Un nombre croissant de développeurs et de fondateurs de startups rapportent que les outils de codage basés sur l’IA, tels que Claude Code, Codex et OpenClaw, déclenchent des comportements qui ressemblent fortement à une addiction, avec des nuits sans sommeil, une surcharge cognitive et un épuisement professionnel généralisés.

Ce phénomène, parfois appelé « AI brain fry » (cerveau grillé par l’IA), a attiré l’attention de chercheurs du Boston Consulting Group et de l’Université de Californie à Riverside. Une étude du BCG menée auprès de 1 488 travailleurs américains a révélé que l’utilisation d’outils d’IA soumis à des exigences de supervision élevées augmentait l’effort mental de 14 %, la fatigue mentale de 12 % et la surcharge d’informations de 19 %. L’étude a également constaté que l’utilisation de quatre outils d’IA ou plus entraînait une baisse de productivité, contredisant la promesse marketing de gains illimités.

Des figures éminentes de la tech ont partagé publiquement leurs difficultés.
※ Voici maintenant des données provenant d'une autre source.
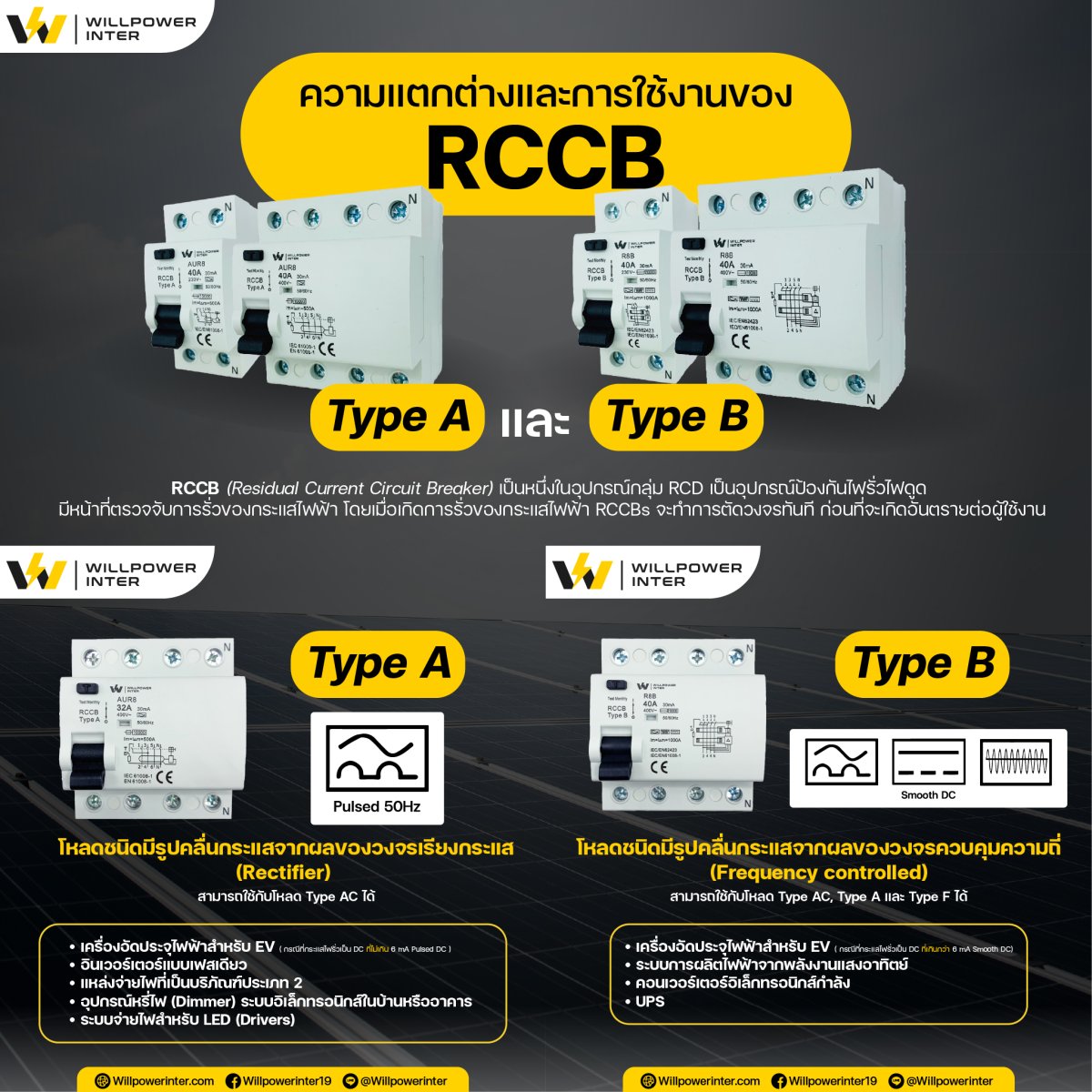 Type A Rccb RCCB Type A vs Type B ต่างกันอย่างไร? เลือกเบรกเกอร์กันดูดให้เหมาะกับ ...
Andrej Karpathy, cofondateur d’OpenAI, a déclaré sur le podcast No Priors qu’il était dans un état de « psychose liée à l’IA » depuis décembre 2025, passant 16 heures par jour à diriger des essaims d’agents et se sentant « extrêmement anxieux » lorsque ses allocations mensuelles de tokens restent inutilisées. Garry Tan, PDG de Y Combinator, a qualifié sa propre condition de « cyber-psychose », restant éveillé pendant des périodes de 19 heures.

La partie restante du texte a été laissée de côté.